EGG ROLLS, EGG CREAMS, AND EMPANADAS FESTIVAL 2015

egg rolls egg creams empanadas

Museum at Eldridge Street
12 Eldridge St. between Canal & Division Sts.
Sunday, June 7, free, 12 noon – 4:00 pm
212-219-0302
www.eldridgestreet.org

The fifteenth annual Egg Rolls & Egg Creams block party is adding quite a twist this year, bringing together not only the Jewish and Chinese communities of the Lower East Side but also the Puerto Rican community. Taking place June 7, the festival will include food and drink, live music (klezmer, salsa, bomba, and plena) and dance, history, culture, and lots more. Among the highlights of the festival are the kosher egg creams and egg rolls — and new this year, empanadas — as well as yarmulke and challah workshops, tea ceremonies, Yiddish, Mandarin, and Spanish lessons, Hebrew and Chinese calligraphy classes, mah jongg, cantorial songs, Peking Opera, Chinese and Puerto Rican mask making, face painting, and free tours of the wonderfully renovated Eldridge St. Synagogue, which boasts the East Window designed by Kiki Smith and Deborah Gans. In past years, the festival has included performances by the Chinatown Senior Center Folk Orchestra, Qi Shu Fang’s Peking Opera, the Shashmaqam Bukharan Jewish Cultural Group, Ray Muziker Klezmer Ensemble, and Cantor Eric Freeman, some of whom will be back again for this year’s multicultural celebration.

FIRST SATURDAY: INTERNATIONAL LGBTQ PRIDE

Zanele Muholi (South African, b. 1972). Faces and Phases installed at dOCUMENTA (13), Kassel, Germany, 2012. (Photo: © Anders Sune Berg)

Zanele Muholi, “Faces and Phases,” installed at dOCUMENTA (13), Kassel, Germany, 2012 (photo © Anders Sune Berg)

Brooklyn Museum
200 Eastern Parkway at Washington St.
Saturday, June 6, free, 5:00 – 11:00
212-864-5400
www.brooklynmuseum.org

The June installment of the Brooklyn Museum’s free First Saturday program celebrates LGBTQ Pride, with live performances by the New York City Gay Men’s Chorus, Aye Nako, DJ Lynnee Denise, DJ Ilsa, and Junglepussy with DJ Joey Labeija; an exhibition talk by Jess Wilcox on “Zanele Muholi: Isibonelo/Evidence” and ten-minute pop-up gallery talks about “Diverse Works: Director’s Choice, 1997–2015”; a flag-making workshop; a poetry performance by Dark Matter (Alok Vaid-Menon and Janani Balasubramanian); a literary workshop with bklyn boihood, focusing on its upcoming publication, Outside the XY; screenings of Seyi Adebanjo’s 2013 documentary, Trans Lives Matter!
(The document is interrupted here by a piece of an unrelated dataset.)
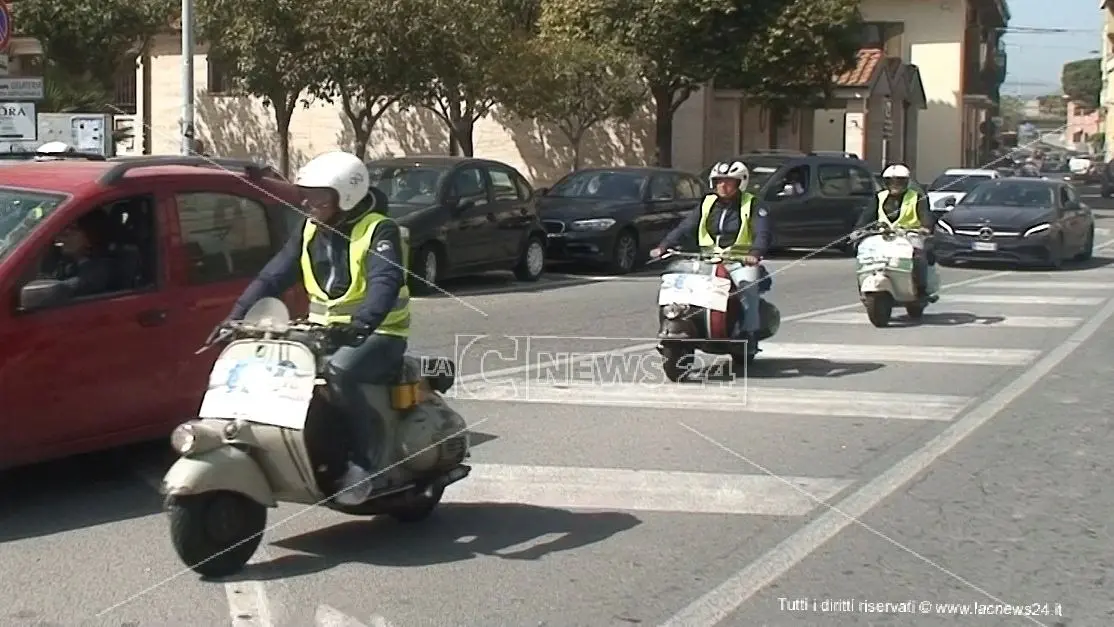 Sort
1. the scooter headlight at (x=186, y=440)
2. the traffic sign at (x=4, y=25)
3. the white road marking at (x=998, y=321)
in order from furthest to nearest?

Justice for Islan Nettles, followed by a talkback with the director, and Dan Sickles & Antonio Santini’s 2014 film, Mala Mala, followed by a talkback with the directors and cast memebers Paxx and Joyce Puty; and a tribute to retiring museum director Arnold Lehman, with reflections and performances by DapperQ, Visual Aids, Harriett’s Apothecary, Haiti Cultural Exchange, CaribBEING, Afrika 21/Harriet’s Alter Ego, and Balmir Latin Dance. In addition, you can check out such exhibitions as “Basquiat: The Unknown Notebooks,” “Kehinde Wiley: A New Republic,” “Kara Walker: ‘African Boy Attendant Curio (Bananas),’” and “Chitra Ganesh: Eyes of Time.”
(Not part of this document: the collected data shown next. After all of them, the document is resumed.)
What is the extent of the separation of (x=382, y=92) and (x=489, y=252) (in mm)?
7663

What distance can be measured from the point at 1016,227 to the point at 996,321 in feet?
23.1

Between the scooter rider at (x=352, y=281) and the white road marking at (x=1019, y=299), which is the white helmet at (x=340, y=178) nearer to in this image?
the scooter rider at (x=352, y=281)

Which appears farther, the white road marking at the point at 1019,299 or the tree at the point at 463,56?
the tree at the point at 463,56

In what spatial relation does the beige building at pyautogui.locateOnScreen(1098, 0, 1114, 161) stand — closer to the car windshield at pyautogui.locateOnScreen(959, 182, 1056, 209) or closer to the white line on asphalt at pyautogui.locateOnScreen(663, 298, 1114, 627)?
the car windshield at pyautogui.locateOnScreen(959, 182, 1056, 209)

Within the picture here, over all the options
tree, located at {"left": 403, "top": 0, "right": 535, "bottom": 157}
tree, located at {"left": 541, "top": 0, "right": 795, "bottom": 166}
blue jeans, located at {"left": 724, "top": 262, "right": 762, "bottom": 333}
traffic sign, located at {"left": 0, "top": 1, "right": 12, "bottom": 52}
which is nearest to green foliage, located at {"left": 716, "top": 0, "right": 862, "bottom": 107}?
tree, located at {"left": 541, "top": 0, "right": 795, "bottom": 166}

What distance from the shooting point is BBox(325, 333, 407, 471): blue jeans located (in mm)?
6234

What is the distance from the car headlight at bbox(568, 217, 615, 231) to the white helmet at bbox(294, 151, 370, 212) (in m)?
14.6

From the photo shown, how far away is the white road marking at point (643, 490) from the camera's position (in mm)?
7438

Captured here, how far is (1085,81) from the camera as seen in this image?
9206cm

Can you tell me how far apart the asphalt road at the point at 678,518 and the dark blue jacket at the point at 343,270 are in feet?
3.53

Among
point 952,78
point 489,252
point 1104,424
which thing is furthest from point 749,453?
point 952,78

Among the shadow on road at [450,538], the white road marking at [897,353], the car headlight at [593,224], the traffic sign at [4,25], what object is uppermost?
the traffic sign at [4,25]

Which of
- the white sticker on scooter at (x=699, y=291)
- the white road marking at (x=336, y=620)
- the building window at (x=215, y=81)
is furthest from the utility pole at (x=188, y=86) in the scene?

SHANNON EBNER WITH DAVID REINFURT: A HUDSON YARD

(photo by Timothy Schenck)

Shannon Ebner and David Reinfurt’s “A Hudson Yard” public art collaboration will be celebrated on June 4 on the High Line (photo by Timothy Schenck)
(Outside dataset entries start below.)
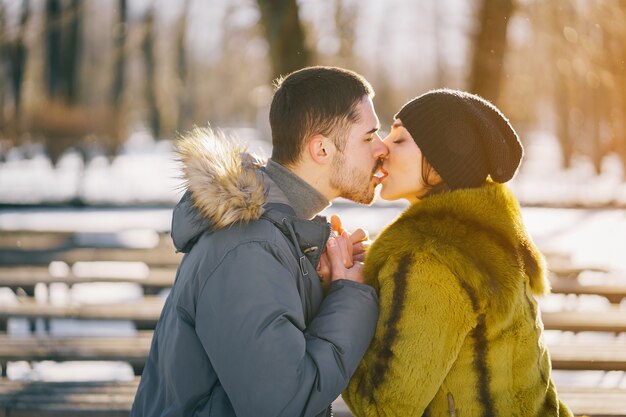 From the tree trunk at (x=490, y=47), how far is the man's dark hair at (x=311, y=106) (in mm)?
5269

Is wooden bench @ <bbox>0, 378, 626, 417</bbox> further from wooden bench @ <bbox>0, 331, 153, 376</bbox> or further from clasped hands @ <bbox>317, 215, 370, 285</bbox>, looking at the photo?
clasped hands @ <bbox>317, 215, 370, 285</bbox>

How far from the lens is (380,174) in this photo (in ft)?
8.29

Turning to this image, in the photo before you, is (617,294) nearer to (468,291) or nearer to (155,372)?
(468,291)

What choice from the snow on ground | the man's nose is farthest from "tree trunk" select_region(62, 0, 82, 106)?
the man's nose

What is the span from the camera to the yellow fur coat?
6.68 feet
Who: Shannon Ebner, David Reinfurt, Alex Waterman
What: Launch of art-project pamphlet with live music
Where: 14th Street Passage on the High Line at 14th Street
When: Thursday, June 4, free, 6:00 – 8:00
Why: From May 2014 to April 2015, New Jersey-born artist Shannon Ebner, who lives and works in Los Angeles and specializes in combining sculpture, photography, and language, added a four-by-six-foot wheat-pasted poster of different versions of the capital letter “A” in Chelsea and the Meatpacking District, giving odd, mysterious ratings to street corners, construction sites, and random walls, one at the beginning of each month, in collaboration with New York City-based graphic designer and writer David Reinfurt. Once put up, the posters remained for between one day and one week, depending on the weather or someone taking it down. On June 4 at 6:00, the work, known as “A Hudson Yard,” will be celebrated with the release of a pamphlet containing photographs and text by the artists, who will be on the High Line, at the 14th Street Passage, for its public unveiling, accompanied by “Clouds and Crowds for 12 Singers,” a new composition by Alex Waterman that will be performed at 6:30.

BROOKLYN SPACES BOOK LAUNCH

brooklyn spaces

Who: Oriana Leckert, Hungry March Band, Morgan O’Kane, Batala NYC, Stefan Zeniuk, DJ Dirtyfinger, the Artist Formerly Known as Anya Sapozhnikova and others from House of YES, Dani Leigh & Demi Fyrce of Big Sky Works
What: Book party celebrating the launch of Brooklyn Spaces: 50 Hubs of Culture and Creativity (Monacelli Press, May 19, $29.95)
Where: Gowanus Ballroom, 55 Ninth St.
When: Saturday, May 30, free (suggested donation $10), 7:00 – late
Why: In her new book expanded from her popular website, Brooklyn Spaces, Oriana Leckert selects fifty of the most unusual and fascinating places in Brooklyn, documenting, as she writes in the introduction, “the Brooklyn I know, the Brooklyn that is mine, the Brooklyn that endlessly inspires me with its passion, innovation, and experimentation.” On May 30, Leckert will host a crazy-mad book party at the Gowanus Ballroom, one of the locations detailed in the book. “One of the most perfect representations of a Brooklyn underground arts space, the Gowanus Ballroom succeeds beautifully at artistic exhibition, cultural advancement, and creative commerce, all within a gorgeously strange historic building,” Leckert writes. (Other spots included in the book are Brooklyn Brainery, Flux Factory, the Invisible Dog, the Morbid Anatomy Museum, the Schoolhouse, Superhero Supply Co., and the Swamp.) The all-night book launch will feature art, music, dance, photography, and lots of unpredictable goings-on, selected from other cultural institutions and artist houses singled out in the book.